Hello! I am new to torch coding and can someone advice me on the following requirement.

I have an ordered dataset(shuffle=False) that is categorised into “bins”. I shall present an example on smaller scale that helps to clarify. Let’s say the size of dataset is 60 with bins of sizes 10,20,30. I want to train my model in the order of bins. (first with 10 then 20 and 30). I want my DataLoader to get data in batch_sizes of 8. In this case, after getting the first 8 datapoints, I don’t want to get the 2 remaining from bin-1 and get 6 from next one. What I want is to get only 2 and in the next iteration, get the 8 from bin-2. In short, I want to complete training in one bin first before moving to other. Also if batch_size happens to be greater than bin size, I want to get data in solely one bin before moving to next.

Can I please get some advice on how to do this? I could think of two ways: implementing a custom DataLoader(need advice on this too) or just create separate DataLoaders for each bin and while iterating with bins in the outermost loop, grab the corresponding DataLoader and do training. Will the latter method have some serious downsides?

I found the way! I ended up writing a custom BatchSampler class to feed into Dataloader.
Assume that bins =[10,30,60] (a cummulative count of bin sizes) and batch_size=8 as in my question.

class CustomBatchSampler(Sampler):
	def __init__(self, sampler, batch_size, bins):
		self.sampler = sampler
		self.batch_size = batch_size
		self.bins = bins
		self.num_batches = sum([((j-i)/batch_size).__ceil__() for i,j in zip([0] + self.bins, self.bins)])
		
	def __iter__(self):
		sampler_iter = iter(self.sampler)
		batch = [0] * self.batch_size
		idx_in_batch = 0
		bin_count = 0
		for total, idx in enumerate(self.sampler):
			batch[idx_in_batch] = idx
			idx_in_batch += 1
			if total+1 == self.bins[bin_count]:
				yield batch[:idx_in_batch]
				idx_in_batch = 0
				batch = [0] * self.batch_size
				bin_count += 1
			if idx_in_batch == self.batch_size:
				yield batch
				idx_in_batch = 0
				batch = [0] * self.batch_size

	def __len__(self):
		return self.num_batches

I used it like this:

data = MySet(##Dataset class)
batch_sampler = CustomBatchSampler(SequentialSampler(data), batch_size, bins)
loader = DataLoader(data, batch_sampler=batch_sampler)
for each in loader:
    print(len(each["label"]))

Output (which was expected):

8
2
8
8
4
8
8
8
6

It works in other cases too but I would like to know if this is safe?
Especially if I am doing some multiprocessing or distributed computing (iam using accelerate library).
Are there some expected behaviours in the BatchSampler that I am missing? (perhaps the num_batches?

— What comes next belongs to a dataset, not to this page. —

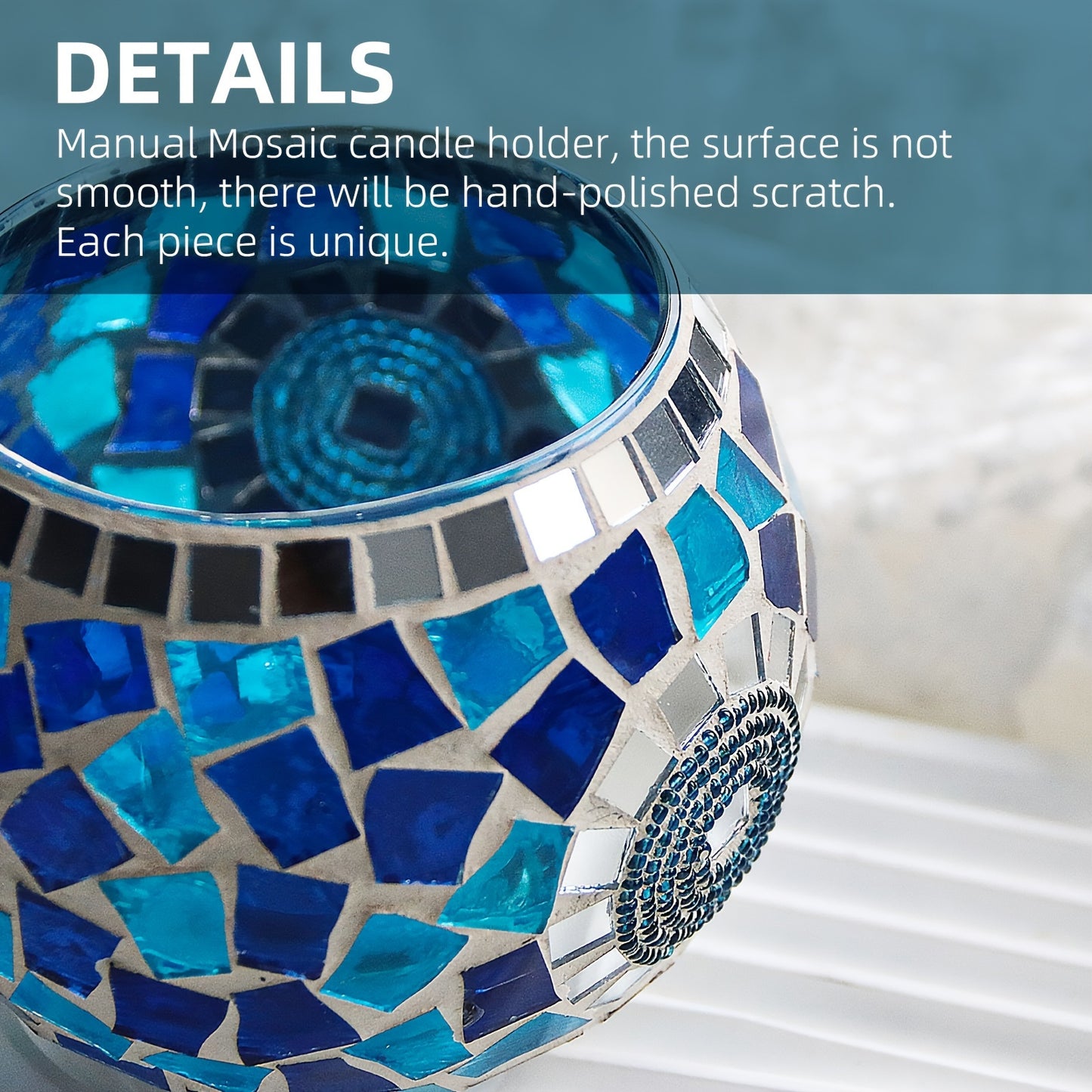 LuzMosaico VH — Set of 3 Turkish-Moroccan Handmade Candle Holders (Crystal with Lacquered Finish, Glam Style)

Or some dependency that iter(BatchSampler) gives lists of same length?).
Can someone please clarify this. I would be very grateful.

I believe your approach is valid and would have recommended the same.
I would not expect to see any issues in using your CustomBatchSampler with num_workers>0. The only issue I could see is to check if your model has a required minimal batch size (e.g. some models might fail with a batch size of 1 if e.g. batchnorm stats cannot be calculated).

Thanks a lot. I’ll take care with batch size :+1:.